# Confused by proof in Rudin Functional Analysis, metrization of topological vector space with countable local base

I'm working through Rudin's Functional Analysis, and I am confused by a step in his proof for Theorem 1.24, which states that if X is a topological vector space with a countable local base, then there is a metric d on X such that a) d is compatible with the topology of X b) the open balls are balanced c) d is invariant and, if X is locally convex, then all open balls are convex.

Here is a slimmed down version of his proof:

By his theorem 1.14, X has a balanced local base $\{V_n\}$ such that $V_{n+1} + V_{n+1} + V_{n+1} + V_{n+1} \subset V_n$.

D is the set of all rational numbers r of the form $\Sigma_{n=1}^{\infty} c_n(r) 2^{-n}$, where each of the digits $c_i(r)$ is 0 or 1 and only finitely many are 1. Define A(r) = X if $r \geq 1$. For any r in D, define A(r) = $\Sigma c_n(r)V_n$. (Note each is a finite sum). Define $f(x) = \inf \{r : x \in A(r)\}$ for $x \in X$ and d(x,y) = f(x - y).
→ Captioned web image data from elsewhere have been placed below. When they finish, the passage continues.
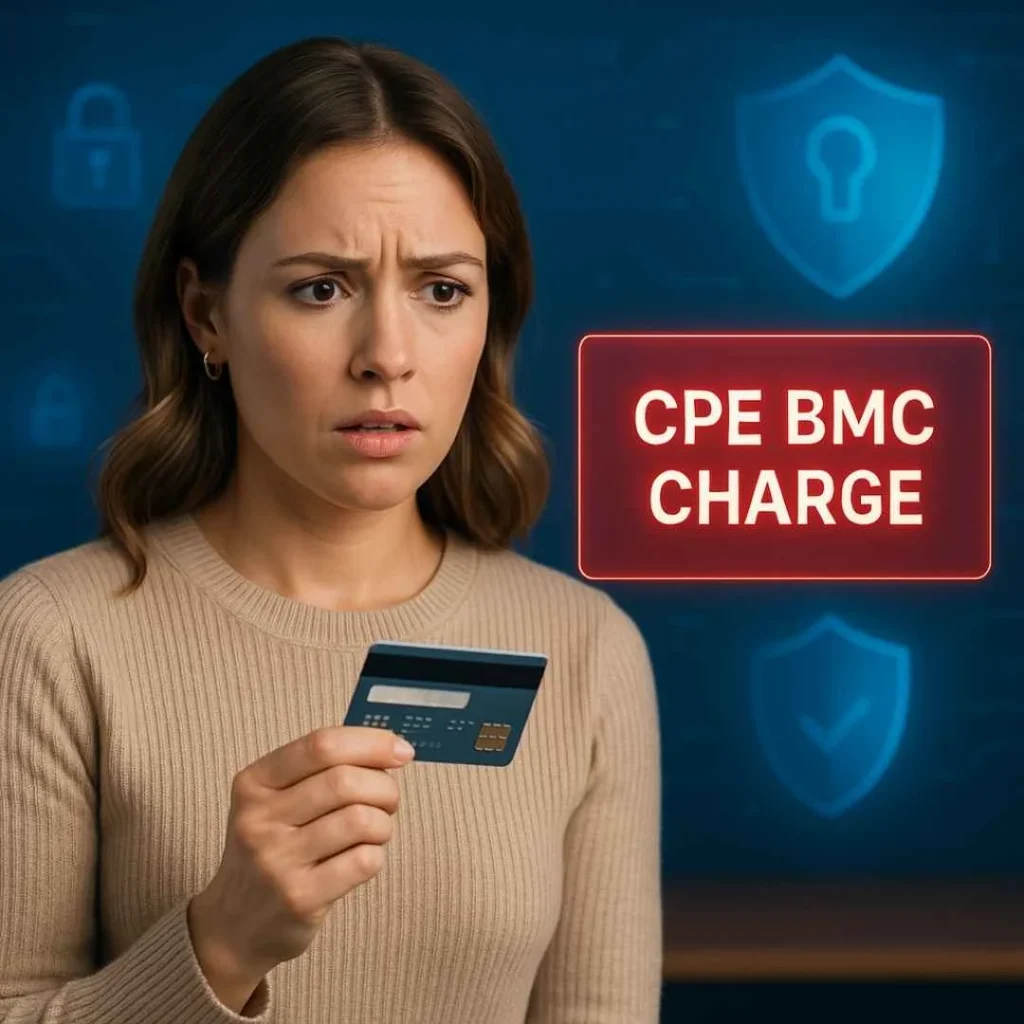 Anxious woman holding credit card while a holographic warning shows CPE BMC charge fraud alert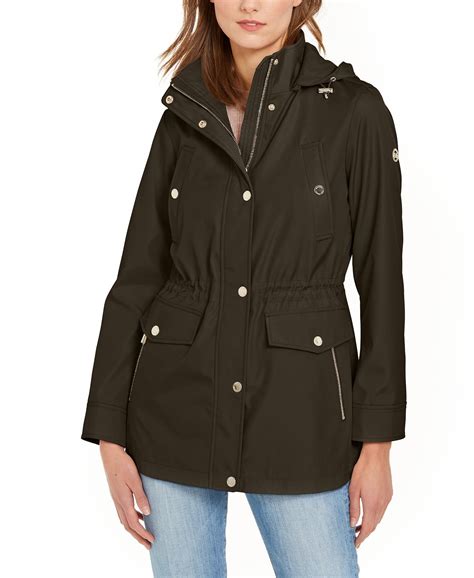 michael kors green raincoat|Michael Kors anorak raincoat.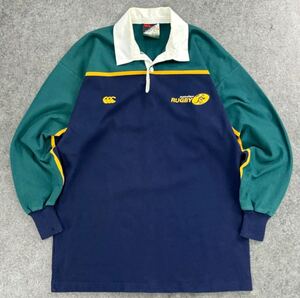 公式 オーストラリア製 Canterbury Australian Rugby Wallabies カンタベリー ラグビー ワラビーズ 長袖 ラガーシャツ ジャージ メンズ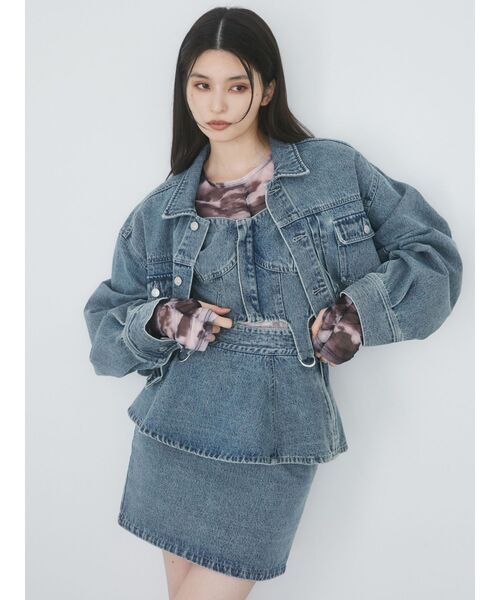 【SET UP対応】ガーターデニムビスチェ（その他トップス）｜MURUA（ムルーア）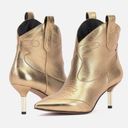 Jessica Simpson NEW  Nelda Gold Pointed Toe Pull On Kitten Heel Western  Booties Photo 0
Rudin proves an inclusion $A(r) + A(s) \subset A(r + s)$ and uses it to show that $\{A(r)\}$ is totally ordered by set inclusion and that $f(x + y) \leq f(x) + f(y)$.

As each A(r) is balanced, $f(x) = f(-x)$. $f(0) = 0$. If x$\not = 0$, then $x \not \in V_n = A(2^{-n})$ for some n, so $f(x) \geq 2^{-n} > 0$.